Cost allocation entails a way of attributing costs to specified cost-centers in an organizational setting. The allocation of costs by companies is necessitated by the need to adequately satisfy the sharing of relevantly incurred costs. The need to adopt the use of social media in reaching out to customers is equally emphasized. This strategy will distinguish the company and its products which are not just fanciful but also available to most customers in a compact form.

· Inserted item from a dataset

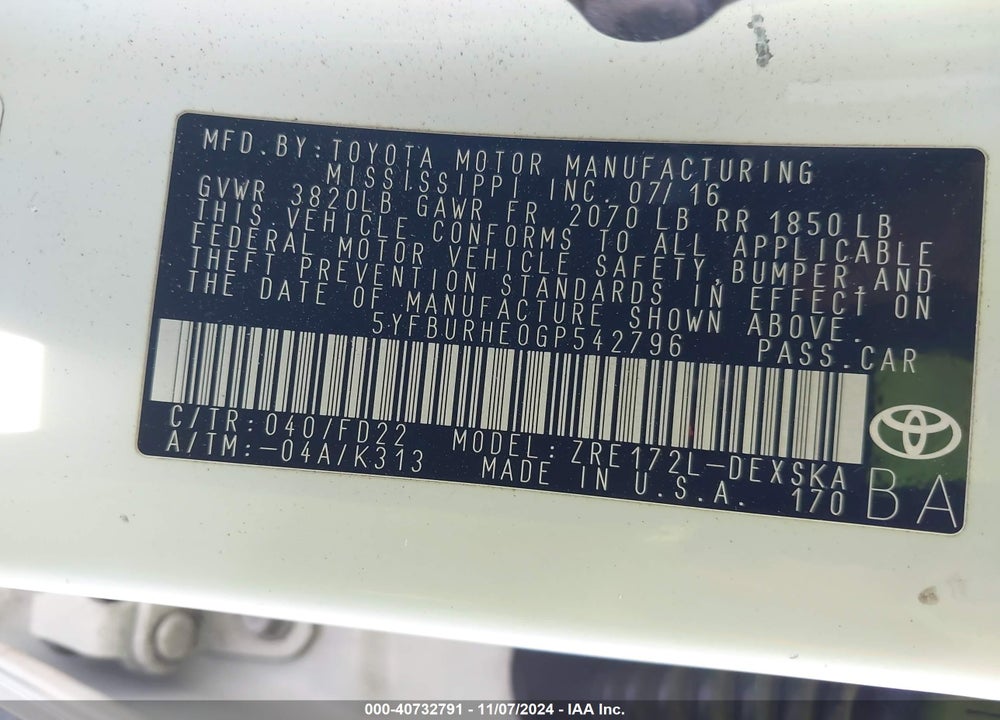 2016 TOYOTA COROLLA S PLUS VIN: 5YFBURHE0GP542796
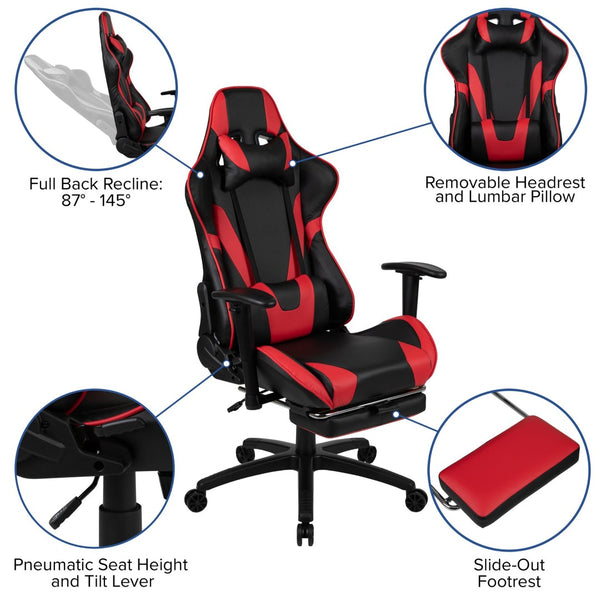 English Elm Optis Gaming Desk and Chair Bundle with Footrest, Cup Holder, Headphone Hook for Ultimate Comfort Red BLN-X30RSG1031-RD-GG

There are two ways of reaching the target — finding new customers for existing products, processes. They are the industrial equivalents of consumer “Big Box” stores and can take revenue (Hutt and Speh, 2009, p.509).

Conclusion

As an effort to bring about an increment in profit realized from the market transaction, there is the need to understanding articulately the precise expenditure/cost as well as income ratio of an organization, especially in the 21st century. It is the responsibility of management to put in place necessary strategies in decision processes for the increment of the flow of case without comprising structural components that are comparable with bottom-line and expected profit margin. This paper is built on the need for users to be in enhancing marketing processes in the 21st century.

This paper presents an analysis of market data provided in table 1 and appendix 1 (both of which are market indicators for a competitive market). Firm ‘A’ is personified and the business strategies, tactics, and plans for driving a prospective market have been discussed appropriately with references made periodically to factual and theoretical justifications

Reference List

Alan, D., 1997. Political Handbook of the World 1997. Binghamton, NY: CSA.

Armstrong, G. and Philip, K., 2010. Marketing: An Introduction. New York: Pearson & Prentice Hall.

Barry, T., 1998. Statesman Yearbook 1998-99. New York: St. Martin’s Press.

Gulfer, H., 2010. Ethics in International Business. LA: Weldom House Press.

Hutt, M. and Speh, T. 2009. Business Marketing Management. New Delhi: South- Western Cengage Learning.

Johnson, H. H., 2011. Consortium for Advanced Manufacturing-International. New York: Longman.

Maskell, P. and Baggaley, Y., 2003. Practical Lean Accounting. New York: Productivity Press.

Schermerhorn, J. 2004. Core Concepts of Management. Canada: John Wiley & Sons, Inc.